(Stored items)
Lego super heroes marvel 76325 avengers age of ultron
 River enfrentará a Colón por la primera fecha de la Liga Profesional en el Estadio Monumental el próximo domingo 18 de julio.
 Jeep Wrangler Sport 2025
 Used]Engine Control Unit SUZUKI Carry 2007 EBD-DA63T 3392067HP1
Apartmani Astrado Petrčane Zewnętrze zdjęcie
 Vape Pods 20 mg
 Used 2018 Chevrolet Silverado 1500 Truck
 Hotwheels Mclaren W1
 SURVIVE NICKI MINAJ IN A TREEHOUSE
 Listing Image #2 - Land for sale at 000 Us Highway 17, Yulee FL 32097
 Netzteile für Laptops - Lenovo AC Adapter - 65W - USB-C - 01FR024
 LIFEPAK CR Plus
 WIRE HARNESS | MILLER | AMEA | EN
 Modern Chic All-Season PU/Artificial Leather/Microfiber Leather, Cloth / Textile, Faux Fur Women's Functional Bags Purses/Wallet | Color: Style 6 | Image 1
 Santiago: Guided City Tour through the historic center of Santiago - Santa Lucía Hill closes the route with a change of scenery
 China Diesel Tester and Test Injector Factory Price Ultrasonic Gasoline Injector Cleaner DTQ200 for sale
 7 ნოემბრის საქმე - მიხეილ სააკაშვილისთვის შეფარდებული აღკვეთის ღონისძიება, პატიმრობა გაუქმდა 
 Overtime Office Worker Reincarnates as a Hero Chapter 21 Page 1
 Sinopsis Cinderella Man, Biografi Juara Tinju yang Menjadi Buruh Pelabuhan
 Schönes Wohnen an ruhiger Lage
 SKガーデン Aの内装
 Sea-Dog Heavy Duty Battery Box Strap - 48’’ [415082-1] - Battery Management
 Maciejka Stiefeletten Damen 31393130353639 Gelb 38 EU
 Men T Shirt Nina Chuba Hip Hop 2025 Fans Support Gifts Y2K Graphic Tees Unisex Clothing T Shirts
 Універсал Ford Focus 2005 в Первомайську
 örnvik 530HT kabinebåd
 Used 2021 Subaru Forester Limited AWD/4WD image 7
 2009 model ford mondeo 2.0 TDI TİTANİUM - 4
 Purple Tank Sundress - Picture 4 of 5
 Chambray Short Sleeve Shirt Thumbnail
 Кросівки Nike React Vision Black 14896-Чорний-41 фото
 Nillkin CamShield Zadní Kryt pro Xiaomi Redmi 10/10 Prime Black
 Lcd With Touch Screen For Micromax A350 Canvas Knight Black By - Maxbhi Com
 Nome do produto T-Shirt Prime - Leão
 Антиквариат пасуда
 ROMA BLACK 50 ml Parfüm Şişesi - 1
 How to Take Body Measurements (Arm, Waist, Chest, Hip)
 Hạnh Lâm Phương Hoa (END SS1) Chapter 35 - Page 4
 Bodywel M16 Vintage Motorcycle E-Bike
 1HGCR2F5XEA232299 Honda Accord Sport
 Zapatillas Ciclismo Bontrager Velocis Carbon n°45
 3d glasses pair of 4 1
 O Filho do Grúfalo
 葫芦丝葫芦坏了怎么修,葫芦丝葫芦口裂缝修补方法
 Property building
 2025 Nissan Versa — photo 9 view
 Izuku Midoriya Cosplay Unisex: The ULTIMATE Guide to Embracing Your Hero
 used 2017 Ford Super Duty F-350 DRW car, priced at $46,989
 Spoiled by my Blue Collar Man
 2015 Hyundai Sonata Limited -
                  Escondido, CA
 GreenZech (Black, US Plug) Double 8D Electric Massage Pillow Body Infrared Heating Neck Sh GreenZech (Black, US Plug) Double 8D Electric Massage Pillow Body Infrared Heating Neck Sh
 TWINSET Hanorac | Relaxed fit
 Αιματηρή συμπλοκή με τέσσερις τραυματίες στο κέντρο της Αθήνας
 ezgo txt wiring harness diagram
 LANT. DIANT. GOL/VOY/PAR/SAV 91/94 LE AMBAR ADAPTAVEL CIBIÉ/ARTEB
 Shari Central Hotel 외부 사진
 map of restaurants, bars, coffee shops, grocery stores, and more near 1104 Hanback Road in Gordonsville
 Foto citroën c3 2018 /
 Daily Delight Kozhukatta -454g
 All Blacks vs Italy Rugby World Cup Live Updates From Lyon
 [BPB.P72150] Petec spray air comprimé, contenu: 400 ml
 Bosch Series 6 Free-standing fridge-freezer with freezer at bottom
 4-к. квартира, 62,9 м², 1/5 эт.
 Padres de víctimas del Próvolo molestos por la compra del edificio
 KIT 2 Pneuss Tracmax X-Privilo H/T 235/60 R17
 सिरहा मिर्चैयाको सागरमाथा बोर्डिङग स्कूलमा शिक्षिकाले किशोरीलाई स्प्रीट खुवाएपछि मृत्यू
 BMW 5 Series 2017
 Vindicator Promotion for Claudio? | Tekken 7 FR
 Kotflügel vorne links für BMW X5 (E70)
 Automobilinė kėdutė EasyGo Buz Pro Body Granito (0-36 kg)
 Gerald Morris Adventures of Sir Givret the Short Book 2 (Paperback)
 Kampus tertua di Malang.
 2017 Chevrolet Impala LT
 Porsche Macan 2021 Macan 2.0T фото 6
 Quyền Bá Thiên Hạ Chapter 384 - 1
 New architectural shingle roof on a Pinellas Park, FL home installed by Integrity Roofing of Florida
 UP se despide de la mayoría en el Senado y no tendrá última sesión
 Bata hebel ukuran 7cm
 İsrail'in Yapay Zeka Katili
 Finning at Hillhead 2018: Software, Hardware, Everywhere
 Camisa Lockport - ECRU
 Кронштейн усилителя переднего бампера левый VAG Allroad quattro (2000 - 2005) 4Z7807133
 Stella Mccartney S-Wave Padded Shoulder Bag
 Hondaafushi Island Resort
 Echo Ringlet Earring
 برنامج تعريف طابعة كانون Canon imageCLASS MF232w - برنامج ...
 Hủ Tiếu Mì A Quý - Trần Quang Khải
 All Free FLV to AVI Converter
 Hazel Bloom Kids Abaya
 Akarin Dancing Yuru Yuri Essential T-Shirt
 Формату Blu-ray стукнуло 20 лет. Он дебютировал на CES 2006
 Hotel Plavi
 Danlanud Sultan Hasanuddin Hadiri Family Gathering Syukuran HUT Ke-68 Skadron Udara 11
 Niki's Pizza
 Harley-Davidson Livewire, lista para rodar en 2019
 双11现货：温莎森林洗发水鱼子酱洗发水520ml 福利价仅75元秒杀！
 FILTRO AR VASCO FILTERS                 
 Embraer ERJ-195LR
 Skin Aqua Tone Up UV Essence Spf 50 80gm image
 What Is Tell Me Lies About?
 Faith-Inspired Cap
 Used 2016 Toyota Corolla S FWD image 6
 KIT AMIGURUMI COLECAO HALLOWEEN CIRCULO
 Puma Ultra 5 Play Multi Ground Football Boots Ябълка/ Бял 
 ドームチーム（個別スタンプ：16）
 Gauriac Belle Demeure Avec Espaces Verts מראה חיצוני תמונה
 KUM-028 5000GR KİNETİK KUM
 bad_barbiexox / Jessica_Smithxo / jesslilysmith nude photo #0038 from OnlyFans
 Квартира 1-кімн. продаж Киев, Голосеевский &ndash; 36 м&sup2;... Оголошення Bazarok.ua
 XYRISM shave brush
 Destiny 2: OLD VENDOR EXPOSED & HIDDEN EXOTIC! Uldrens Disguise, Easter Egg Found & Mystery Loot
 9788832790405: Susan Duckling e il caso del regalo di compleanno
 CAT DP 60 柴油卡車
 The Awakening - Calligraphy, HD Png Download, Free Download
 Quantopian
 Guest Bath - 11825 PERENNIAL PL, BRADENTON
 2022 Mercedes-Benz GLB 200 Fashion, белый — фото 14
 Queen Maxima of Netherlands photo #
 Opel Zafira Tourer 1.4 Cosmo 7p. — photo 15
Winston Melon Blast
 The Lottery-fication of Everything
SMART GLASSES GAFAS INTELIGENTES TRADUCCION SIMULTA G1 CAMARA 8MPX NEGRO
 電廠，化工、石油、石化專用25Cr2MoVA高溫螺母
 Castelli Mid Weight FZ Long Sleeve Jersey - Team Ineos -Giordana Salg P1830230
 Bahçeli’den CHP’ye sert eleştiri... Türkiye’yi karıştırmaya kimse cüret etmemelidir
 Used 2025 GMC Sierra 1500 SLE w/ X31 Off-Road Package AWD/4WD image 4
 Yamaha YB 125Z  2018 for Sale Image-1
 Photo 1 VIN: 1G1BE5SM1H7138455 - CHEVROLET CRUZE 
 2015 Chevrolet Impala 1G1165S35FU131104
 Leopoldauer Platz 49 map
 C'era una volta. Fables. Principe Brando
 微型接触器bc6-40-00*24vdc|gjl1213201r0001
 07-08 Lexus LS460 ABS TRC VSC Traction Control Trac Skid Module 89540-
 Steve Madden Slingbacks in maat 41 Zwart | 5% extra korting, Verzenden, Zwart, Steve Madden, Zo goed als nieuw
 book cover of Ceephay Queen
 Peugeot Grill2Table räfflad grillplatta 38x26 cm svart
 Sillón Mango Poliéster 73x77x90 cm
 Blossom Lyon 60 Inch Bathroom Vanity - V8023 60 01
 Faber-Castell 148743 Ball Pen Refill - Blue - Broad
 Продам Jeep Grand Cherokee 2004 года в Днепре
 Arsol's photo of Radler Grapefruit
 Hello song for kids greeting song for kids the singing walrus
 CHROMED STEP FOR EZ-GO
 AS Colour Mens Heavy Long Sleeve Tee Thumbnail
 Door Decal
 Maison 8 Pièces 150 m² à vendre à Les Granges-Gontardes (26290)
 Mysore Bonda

WORK TASK:
Reply with nothing but the number of lines in the data that include the word "фото".

TASK OUTPUT:
3